01 May 2012, Sweetcrude, WASHINGTON DC — THE Senator Udoma Udo Udoma-led Special Taskforce on Petroleum Industry Bill, PIB, is expected to submit its report on the Bill within then next 10 days, the Minister of Petroleum Resources, Mrs Diezani Alison-Madueke, has said.
The minister disclosed this during an interactive session at Howard University, where she was conferred with the Centennial Professional Excellence Award on Government Affairs and Corporate Management by the Howard University in Washington DC, United States, weekend.
In response to a question on the continued delay in the passage of the PIB, the minister explained that the process had taken this long because the bill needed to be rejigged to reflect current realities.
She said: “Within the next 10 days, the PIB committee will conclude its findings and submit it’s report to me. The process has taken this long because we needed to look more critically with some of the provisions of the bill, especially the fiscal regime. This is why we invited all the stakeholders whose input will be incorporated to discuss various issues in the bill.”
Lull in investments
The minister argued that there was no question of holding unto the bill for longer than necessary because its delay in passage had taken a toll on investments in the industry.
She said: “It is important for us to pass the bill because if not, it will impact negatively on investments in the upstream petroleum sector, particularly in the deep offshore area where a lot of investment decisions have been put on hold.”
After years of delay, the PIB could not be passed in the 6th National Assembly on account of varied political interests, and protests by multinational oil companies against the fiscal terms that would guide future oil and gas operations in Nigeria.

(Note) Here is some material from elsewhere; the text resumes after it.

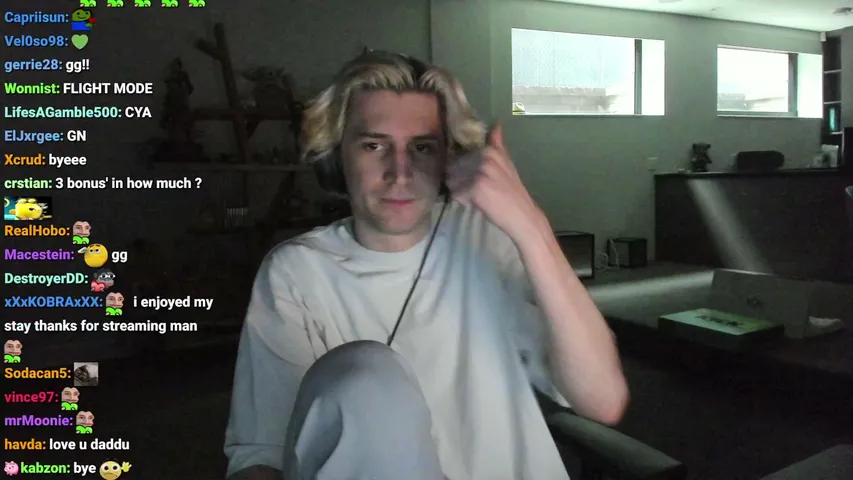 xQc playing Slots & Casino - Live Casino Stream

Federal Government had sought to increase its take from the petroleum sector, which constitutes the bulk of its revenues (90 per cent), thereby increasing the contribution of the sector to the nation’s gross domestic product, GDP, which is currently below 40 per cent.
However, the oil companies protested that the new fiscal terms will dip too much into their earnings and profits, a development that made them restrict fresh investments in the sector to the barest to compel government to rescind the decision.
Inauguration of committee
At the inauguration of the eight man Special Taskforce and Technical Subcommittee, which was given a 30-day tenure to conclude its findings and report on January 19, the minister charged members to do a thorough work.
She said the bill “needed to be redefined and gingered up for speedy and very expedient passage by the 7th Assembly,” adding that government expected the committee “to put all indices in places to redefine the bill, look at certain sections and include strategic aspects so that we can get it right.”
Refined products
With regard to why a top global producer like Nigeria was still importing refined fuel even from non-oil producing countries, Alison-Madueke attributed the trend to the politicking associated with fuel distribution in the country.
She said, “It has a been a very topical issue in recent times that being one of the world’s largest producers of crude, Nigeria would be expected to have sufficiency in refined petroleum products at this time. To do that of course, you would have to increase your refining capacity to a certain level. At this time, Nigereia’s petroleum products are subsidised heavily. In fact, this was the reason for a major strike in the country, when the country tried to deregulate, take away the subsidy and to help the country to first of all focus these particular natural resources to other parts of the economy, which we felt are much more critical.
“And also, we didn’t feel the subsidy was actually reaching the sector of the population that they were designed for in the first place, that in fact, they were enriching the middlemen in the petroleum industry instead. But as you will find in many developing countries of third economies particularly in Africa, there is a vicious circle of dependency on the government. It is not just Africa, but in developed countries as well. And so over years, it becomes more difficult, I think in emerging economies to remove dependency particularly where it concerns major infrastructure and logistics like in this case.”
She, therefore noted that subsidy has made refining “rather unappealing to major investors,” as the building of a refinery was not a cheap venture. “And anyone coming into the venture will need ofcourse be assured that it was commercially viable and that you will make the requisite returns on investment at the end the day. And this is one of the reasons why we try to deregulate to open up the sector to more and more investment.”
The minister equally admitted that Nigeria’s three local refineries have not done very well under government’s management, adding that this is part of the reasons for the ongoing reforms in the petroleum sector, which is aimed at instituting the “requisite enabling environment to bring a lot more equity investment into the refineries and other parts of the oil and gas industry and other parts of the economy as well.”
She explained that government is also to ensure equity participation in other areas such as the gas pipelines, tank farms, depots by the private sector, which is envisaged will reduce the high level of corruption associated with the sector.